Germany’s monopoly commissioner quit in protest yesterday after economics minister Sigmar Gabriel approved the controversial takeover of superamarket chain Kaiser’s Tengelmann by rival Edeka.
Daniel Zimmer, whose agency had opposed the deal on competition grounds, said he was resigning to make a point.
“By stepping down I want to show that I do not agree with Gabriel’s decision,” Mr. Zimmer told Handelsblatt. “The detrimental impact of the fusion on competition will not be offset by benefits to the public welfare.”
Regulators had worried that the merger of two large supermarkets would stifle competition, but Mr. Gabriel said the deal could go through, on the proviso that jobs are not lost.

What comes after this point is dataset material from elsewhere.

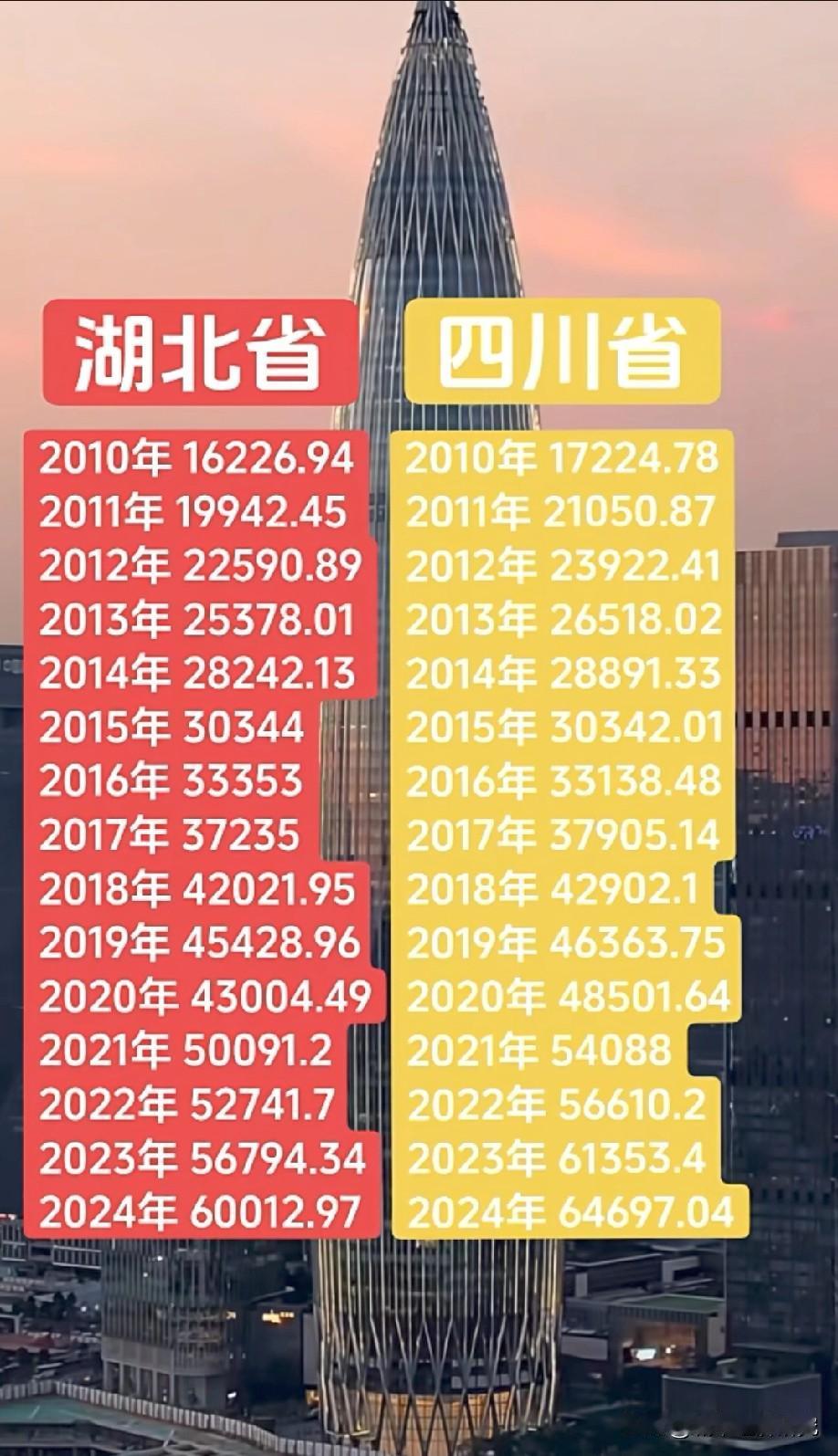 湖北省与四川省2010年到2024年历年GDP数据对比情况，2010年的时候四川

Last year, Germany’s federal cartel office froze the deal between the two chains, saying it would hamper competition in big cities such as Berlin and Munich and could fuel rising prices. Edeka is Germany’s biggest grocer, with a 24 percent share of the market. Kaiser’s Tengelmann has only a 1.1 percent share, but dominates in some affluent urban pockets.

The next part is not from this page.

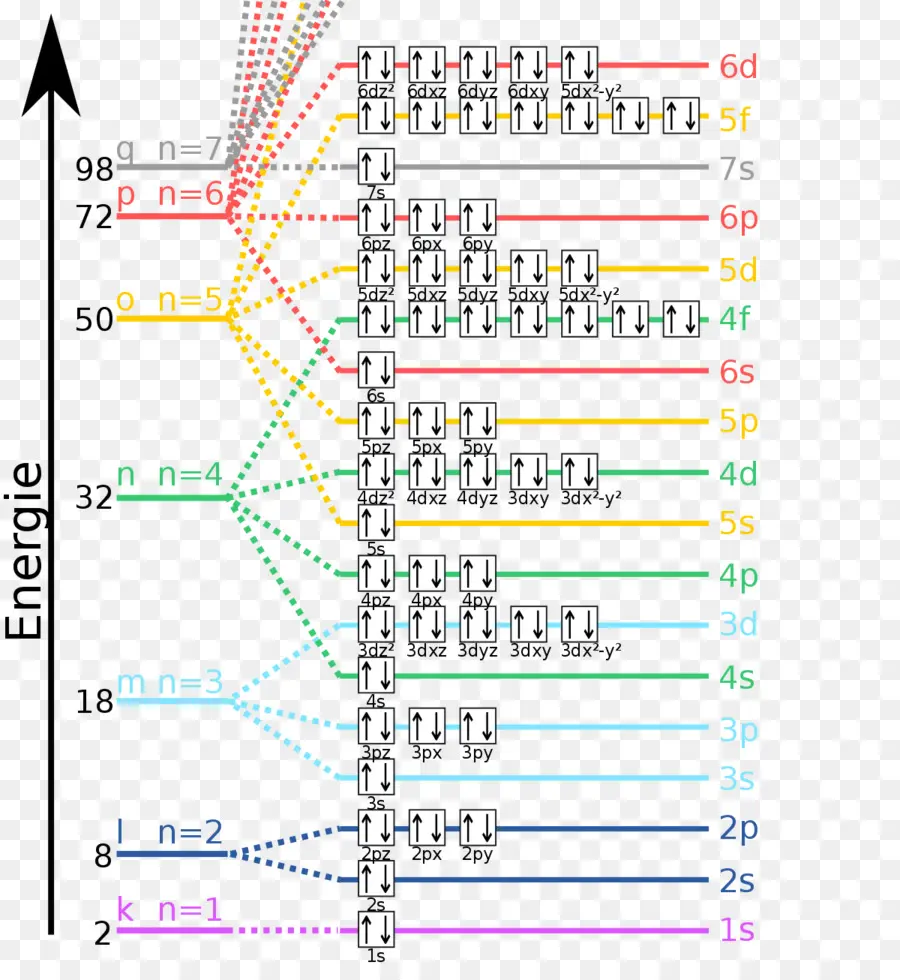 Niveaux D'énergie，Structure Atomique PNG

Mr. Zimmer worked for the monopoly commission for seven years, three of which he served as its boss. He told Handelsblatt that his exit was “no spontaneous decision. I had a few weeks to think about it as the minister had revealed his preference to allow the deal some weeks ago.”
In August 2015, the monopoly commission wrote a lengthy report advising the minister against allowing the supermarket deal.
On Thursday, Mr. Gabriel attached some tough conditions to his approval, forcing Edeka to maintain 16,000 Kaisers’ Tengelmann workers for at least five years, to make wage agreements with the unions and preserve existing organizational structures.